There is simply no reason for me to pay $700 for a 70 year old "professor" to read off wikipedia and show us movies because it is a "required Gen Ed." This was the case several times in my studies, and unfortunately that is several thousand dollars which I will never get back. If you really want to make college more affordable, get rid of teacher tenure.
Anyways, the second faulty assumption you are making is that this will lead to a more productive, trained workforce.
It should lead to one, but it won't if it just means we get more useless English and Art History majors instead of engineers. But, of course, that is a discussion for another time and place.
I guess you didn't really read the link. It's a hypothesis that admits it hasn't been tested. So much for that.
But indeed, the hypothesis really reduces to the claim that if more kids go to college, tuition goes up. It has nothing to do with loans per se.
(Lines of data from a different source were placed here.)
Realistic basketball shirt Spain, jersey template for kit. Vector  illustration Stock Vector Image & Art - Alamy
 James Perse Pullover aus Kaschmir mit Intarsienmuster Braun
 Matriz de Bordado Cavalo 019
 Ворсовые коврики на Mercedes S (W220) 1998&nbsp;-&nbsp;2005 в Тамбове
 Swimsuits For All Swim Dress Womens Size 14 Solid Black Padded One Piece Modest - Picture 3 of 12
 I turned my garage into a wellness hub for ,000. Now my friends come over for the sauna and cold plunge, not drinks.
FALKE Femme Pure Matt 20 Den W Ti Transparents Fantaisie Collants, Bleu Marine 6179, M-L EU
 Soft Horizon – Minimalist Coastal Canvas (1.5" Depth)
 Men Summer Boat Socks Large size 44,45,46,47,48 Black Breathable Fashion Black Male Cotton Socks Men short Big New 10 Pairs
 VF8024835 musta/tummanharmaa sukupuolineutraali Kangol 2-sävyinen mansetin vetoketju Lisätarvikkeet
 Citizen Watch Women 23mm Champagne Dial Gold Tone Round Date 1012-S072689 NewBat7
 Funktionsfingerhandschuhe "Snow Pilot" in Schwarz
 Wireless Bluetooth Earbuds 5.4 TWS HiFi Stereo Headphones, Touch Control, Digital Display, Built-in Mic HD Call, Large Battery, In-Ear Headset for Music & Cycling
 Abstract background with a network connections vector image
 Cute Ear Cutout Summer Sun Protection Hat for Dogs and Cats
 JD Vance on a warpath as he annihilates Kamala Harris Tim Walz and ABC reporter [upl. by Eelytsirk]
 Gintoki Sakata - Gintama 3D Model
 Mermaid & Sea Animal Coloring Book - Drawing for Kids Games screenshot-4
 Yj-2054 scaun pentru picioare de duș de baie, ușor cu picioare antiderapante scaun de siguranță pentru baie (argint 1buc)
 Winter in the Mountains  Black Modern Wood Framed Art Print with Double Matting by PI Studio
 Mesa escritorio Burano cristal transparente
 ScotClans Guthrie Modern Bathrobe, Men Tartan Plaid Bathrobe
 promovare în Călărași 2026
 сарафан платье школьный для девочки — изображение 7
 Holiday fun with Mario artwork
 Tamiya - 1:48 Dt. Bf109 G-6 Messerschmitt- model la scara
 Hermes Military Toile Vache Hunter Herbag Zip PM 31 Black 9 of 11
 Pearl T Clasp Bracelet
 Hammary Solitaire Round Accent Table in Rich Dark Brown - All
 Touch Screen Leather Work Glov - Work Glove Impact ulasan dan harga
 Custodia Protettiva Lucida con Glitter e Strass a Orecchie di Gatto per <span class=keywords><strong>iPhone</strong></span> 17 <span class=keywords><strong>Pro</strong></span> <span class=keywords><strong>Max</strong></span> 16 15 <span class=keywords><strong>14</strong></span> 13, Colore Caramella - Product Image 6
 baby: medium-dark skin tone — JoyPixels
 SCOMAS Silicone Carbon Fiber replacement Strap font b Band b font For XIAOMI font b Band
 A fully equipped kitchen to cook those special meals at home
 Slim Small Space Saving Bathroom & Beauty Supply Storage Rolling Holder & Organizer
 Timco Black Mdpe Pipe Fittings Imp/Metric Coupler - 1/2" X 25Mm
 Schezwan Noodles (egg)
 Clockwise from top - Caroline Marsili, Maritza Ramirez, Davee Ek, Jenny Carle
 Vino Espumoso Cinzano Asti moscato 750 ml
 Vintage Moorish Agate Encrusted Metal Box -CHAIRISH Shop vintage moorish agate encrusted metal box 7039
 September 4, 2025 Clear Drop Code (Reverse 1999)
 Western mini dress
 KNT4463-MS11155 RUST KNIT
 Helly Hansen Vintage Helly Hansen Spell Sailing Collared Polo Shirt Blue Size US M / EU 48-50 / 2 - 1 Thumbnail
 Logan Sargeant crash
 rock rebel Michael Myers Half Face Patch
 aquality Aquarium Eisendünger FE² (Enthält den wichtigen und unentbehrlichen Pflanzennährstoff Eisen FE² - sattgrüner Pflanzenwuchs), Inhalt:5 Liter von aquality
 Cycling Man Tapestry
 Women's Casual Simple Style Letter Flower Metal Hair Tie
It wouldn't matter if the college is paid by a rich daddy or by borrowing at exorbitant rates from private banks. What does matter is how that affects the students.
Frankly even if tuition does go up because more kids are getting college education (not necessarily a bad thing if it means better services), as long as the loans have low interest, it's still benefits overall productivity. And so this excursion hasn't made your case at all, but it does make mine: better educated people are more productive and produce economic growth and general prosperity more than unskilled uneducated workers. Every study shows that. So you now need to trot out another discredited hypothesis for me to shoot down.
I love the defense of knownothingism from the right.